Zivilgesellschaftliches Engagement und Ehrenamt rufen rundum positive Assoziationen hervor. Die Trägerinnen und Träger politischer Mandate überschlagen sich in ihren Ansprachen geradezu mit dem Lob aufs Ehrenamt. Da ist von gesellschaftlichem Zusammenhalt die Rede und vom Engagement, dem es unbedingten Respekt zu zollen gilt. Daran ist nichts verkehrt. Wenn die ehrenamtlich Engagierten schon kein Geld verdienen, dann wenigstens ein aufrichtiges Lob.
Dennoch ist diese Darstellung des bürgerschaftlichen Engagements einseitig. Die Kehrseite: Je besser die ehrenamtlichen Strukturen funktionieren, desto größer werden die Schlupflöcher, durch die sich der Staat seiner Verantwortung entziehen kann.

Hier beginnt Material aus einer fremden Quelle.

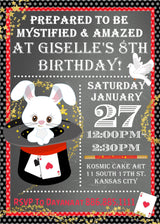rabbit magician birthday invitations illusion party theme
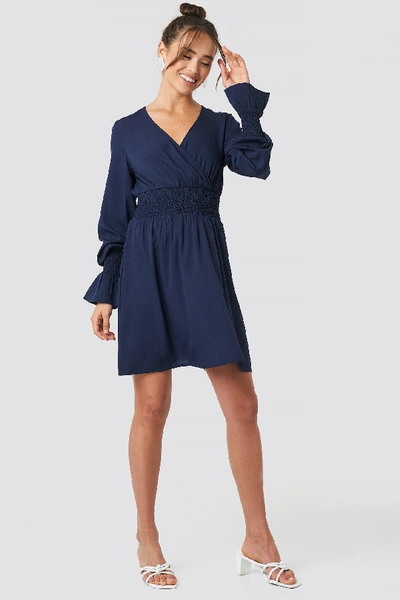 Shop Na-kd Shirred Waist Wrap Mini Dress - Blue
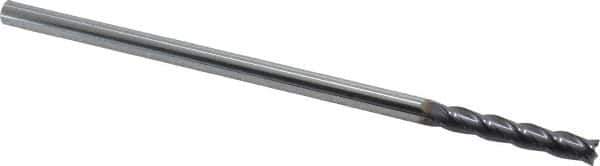 Niagara Cutter - 1/4", 1-1/2" LOC, 1/4" Shank Diam, 6" OAL, 4 Flute, Solid Carbide Square End Mill - Single End, TiAlN Finish, Spiral Flute, 30° Helix, Centercutting, Right Hand Cut, Right Hand Flute, Series C430 - USA Tool & Supply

Besonders virulent wird dies bei Tafeln und Warenkörben. Warum sollte der Staat mit sozialpolitischen Maßnahmen Armut bekämpfen, wenn die Zivilgesellschaft einspringt?
Diese Fragestellung lässt sich beliebig auf jeden andern Bereich des sozialen Engagements übertragen. Warum auf politischer Ebene etwas für mehr Bildungsgerechtigkeit tun, wenn sich Freiwillige in der Hausaufgabenhilfe um chancenbenachteiligte Kinder und Jugendliche kümmern? Warum die Gesundheitssysteme mit Ausgaben belasten, wenn caritative Institutionen mit ihrem Geld einspringen? Warum staatliche Integrationshilfe für Geflüchtete leisten, wenn die Ehrenamtlichen doch viel näher an den Menschen sind?
Die Antworten auf diese Fragen sind komplex. Aber bereits die Fragestellung zeigt: Zivilgesellschaftliches Engagement und Politik lassen sich nicht auseinanderhalten, das Ehrenamt hat stets eine politische Dimension.